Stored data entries
* * * * *

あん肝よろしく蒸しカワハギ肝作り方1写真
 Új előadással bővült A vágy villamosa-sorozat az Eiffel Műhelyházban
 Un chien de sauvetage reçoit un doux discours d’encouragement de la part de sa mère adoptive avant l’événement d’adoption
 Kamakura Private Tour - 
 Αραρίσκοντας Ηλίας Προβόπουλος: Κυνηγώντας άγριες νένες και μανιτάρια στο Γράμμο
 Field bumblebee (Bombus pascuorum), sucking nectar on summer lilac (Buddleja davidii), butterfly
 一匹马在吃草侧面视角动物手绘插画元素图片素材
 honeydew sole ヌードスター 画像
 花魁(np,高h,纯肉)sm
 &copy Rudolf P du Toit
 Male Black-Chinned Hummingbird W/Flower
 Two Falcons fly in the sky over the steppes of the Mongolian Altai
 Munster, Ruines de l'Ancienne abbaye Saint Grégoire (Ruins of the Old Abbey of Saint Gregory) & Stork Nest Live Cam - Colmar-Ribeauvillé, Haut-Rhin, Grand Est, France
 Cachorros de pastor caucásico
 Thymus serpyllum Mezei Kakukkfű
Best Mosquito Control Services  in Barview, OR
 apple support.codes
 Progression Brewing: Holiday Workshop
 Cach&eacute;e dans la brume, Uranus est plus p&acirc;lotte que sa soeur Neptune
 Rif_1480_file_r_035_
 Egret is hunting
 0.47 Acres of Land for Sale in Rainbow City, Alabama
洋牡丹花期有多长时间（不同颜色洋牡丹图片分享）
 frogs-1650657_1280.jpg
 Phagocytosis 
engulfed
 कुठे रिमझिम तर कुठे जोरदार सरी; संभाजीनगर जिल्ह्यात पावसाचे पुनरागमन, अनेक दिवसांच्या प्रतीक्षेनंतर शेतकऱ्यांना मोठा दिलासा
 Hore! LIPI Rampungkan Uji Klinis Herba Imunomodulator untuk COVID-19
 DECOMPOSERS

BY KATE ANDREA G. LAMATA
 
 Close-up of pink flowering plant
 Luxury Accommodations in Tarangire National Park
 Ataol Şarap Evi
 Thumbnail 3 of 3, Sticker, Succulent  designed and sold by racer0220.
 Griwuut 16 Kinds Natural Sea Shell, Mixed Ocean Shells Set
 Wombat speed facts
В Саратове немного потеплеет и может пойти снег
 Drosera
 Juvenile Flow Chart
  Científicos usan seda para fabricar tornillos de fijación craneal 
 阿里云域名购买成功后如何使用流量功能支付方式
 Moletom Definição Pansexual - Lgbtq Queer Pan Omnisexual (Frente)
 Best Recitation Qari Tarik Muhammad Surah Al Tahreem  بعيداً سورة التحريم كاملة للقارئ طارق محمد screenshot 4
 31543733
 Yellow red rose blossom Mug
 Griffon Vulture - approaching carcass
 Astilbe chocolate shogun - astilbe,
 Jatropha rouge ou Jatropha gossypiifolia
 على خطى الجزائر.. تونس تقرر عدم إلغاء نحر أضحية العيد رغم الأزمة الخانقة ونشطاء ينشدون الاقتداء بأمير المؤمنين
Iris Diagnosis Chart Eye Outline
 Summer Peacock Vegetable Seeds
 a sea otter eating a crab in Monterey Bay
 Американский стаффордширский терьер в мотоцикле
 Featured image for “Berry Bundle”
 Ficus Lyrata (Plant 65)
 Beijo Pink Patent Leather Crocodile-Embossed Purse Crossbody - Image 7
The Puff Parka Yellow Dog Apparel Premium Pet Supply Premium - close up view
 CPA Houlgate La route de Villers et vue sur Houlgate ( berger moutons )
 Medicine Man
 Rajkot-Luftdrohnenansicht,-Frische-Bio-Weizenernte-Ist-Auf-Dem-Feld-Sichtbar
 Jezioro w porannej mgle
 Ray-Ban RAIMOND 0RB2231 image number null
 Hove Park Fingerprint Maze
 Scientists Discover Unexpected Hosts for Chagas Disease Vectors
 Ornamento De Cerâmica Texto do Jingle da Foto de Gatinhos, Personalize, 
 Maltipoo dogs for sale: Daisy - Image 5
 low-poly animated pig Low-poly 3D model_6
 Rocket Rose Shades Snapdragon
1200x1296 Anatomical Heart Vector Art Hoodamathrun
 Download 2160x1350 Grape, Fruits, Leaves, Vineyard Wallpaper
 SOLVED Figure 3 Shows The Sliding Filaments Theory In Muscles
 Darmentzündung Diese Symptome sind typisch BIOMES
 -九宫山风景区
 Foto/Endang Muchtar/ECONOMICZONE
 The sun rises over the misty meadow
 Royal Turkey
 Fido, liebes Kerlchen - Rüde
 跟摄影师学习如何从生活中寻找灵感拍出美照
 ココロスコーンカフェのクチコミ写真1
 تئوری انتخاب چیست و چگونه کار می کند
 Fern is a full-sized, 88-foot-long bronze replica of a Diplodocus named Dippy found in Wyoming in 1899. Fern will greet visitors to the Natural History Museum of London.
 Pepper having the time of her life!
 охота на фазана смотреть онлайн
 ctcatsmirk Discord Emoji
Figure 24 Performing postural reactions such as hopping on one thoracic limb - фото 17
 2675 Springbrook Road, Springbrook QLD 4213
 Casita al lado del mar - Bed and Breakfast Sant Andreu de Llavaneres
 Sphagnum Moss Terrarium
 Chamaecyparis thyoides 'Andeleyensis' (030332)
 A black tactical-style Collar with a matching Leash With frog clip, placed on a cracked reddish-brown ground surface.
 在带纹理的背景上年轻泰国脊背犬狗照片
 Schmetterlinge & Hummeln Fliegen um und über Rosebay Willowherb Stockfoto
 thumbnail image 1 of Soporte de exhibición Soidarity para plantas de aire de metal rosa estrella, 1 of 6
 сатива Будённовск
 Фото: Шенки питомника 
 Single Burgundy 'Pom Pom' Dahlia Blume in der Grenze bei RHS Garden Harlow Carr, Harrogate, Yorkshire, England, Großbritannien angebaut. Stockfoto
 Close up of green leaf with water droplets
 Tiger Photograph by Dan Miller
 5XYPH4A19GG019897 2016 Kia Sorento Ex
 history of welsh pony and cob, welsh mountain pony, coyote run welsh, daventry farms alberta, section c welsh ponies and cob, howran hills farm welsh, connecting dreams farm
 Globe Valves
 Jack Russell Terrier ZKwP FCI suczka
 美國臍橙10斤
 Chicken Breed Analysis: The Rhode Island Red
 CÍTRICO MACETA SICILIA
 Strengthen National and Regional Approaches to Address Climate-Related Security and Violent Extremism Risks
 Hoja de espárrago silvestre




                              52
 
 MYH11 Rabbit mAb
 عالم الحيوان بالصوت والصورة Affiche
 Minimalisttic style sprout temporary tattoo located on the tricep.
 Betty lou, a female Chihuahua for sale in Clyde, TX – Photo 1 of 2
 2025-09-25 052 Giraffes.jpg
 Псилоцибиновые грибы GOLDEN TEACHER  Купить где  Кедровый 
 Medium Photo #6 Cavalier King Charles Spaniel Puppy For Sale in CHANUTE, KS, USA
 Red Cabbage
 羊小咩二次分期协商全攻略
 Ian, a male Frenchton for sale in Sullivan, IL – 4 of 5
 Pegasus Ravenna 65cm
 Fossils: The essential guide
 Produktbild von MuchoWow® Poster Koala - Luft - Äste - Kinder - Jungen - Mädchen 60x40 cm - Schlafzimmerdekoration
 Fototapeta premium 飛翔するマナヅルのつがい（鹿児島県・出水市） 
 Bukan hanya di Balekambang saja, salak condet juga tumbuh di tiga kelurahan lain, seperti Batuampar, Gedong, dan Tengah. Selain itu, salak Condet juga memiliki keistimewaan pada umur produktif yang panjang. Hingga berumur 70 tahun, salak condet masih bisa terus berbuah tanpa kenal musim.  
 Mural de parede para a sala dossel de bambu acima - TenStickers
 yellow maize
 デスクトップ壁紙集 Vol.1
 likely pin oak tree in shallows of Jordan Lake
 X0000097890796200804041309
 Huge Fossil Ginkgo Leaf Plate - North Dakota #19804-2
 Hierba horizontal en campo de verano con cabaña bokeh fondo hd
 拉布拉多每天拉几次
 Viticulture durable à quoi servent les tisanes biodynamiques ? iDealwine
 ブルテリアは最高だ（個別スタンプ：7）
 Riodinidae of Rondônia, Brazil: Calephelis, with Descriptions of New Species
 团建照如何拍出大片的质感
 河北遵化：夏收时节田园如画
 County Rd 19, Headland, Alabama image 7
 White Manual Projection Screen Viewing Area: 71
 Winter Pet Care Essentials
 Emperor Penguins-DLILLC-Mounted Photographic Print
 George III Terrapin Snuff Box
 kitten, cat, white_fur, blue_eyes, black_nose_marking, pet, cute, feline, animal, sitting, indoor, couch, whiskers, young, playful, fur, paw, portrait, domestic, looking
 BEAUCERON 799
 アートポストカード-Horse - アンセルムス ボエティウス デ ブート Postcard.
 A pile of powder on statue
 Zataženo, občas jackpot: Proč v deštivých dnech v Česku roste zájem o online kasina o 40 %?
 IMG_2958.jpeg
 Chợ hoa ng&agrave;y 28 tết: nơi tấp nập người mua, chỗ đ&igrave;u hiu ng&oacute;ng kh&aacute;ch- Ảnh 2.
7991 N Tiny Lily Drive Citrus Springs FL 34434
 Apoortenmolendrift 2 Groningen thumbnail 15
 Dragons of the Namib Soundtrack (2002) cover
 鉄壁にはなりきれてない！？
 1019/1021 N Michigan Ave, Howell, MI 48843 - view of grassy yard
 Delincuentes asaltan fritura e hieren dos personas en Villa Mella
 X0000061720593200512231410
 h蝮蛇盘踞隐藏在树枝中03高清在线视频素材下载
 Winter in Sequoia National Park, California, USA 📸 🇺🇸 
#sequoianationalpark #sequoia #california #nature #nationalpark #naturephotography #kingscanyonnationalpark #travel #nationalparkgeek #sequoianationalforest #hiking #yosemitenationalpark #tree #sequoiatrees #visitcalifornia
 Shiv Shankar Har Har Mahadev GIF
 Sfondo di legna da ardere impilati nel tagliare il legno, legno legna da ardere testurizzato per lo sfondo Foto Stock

* * * * *

§ WHAT TO DO
The word to find is "style". Copy every line of the records that holds it.

§ REPLY
 A black tactical-style Collar with a matching Leash With frog clip, placed on a cracked reddish-brown ground surface.
 Minimalisttic style sprout temporary tattoo located on the tricep.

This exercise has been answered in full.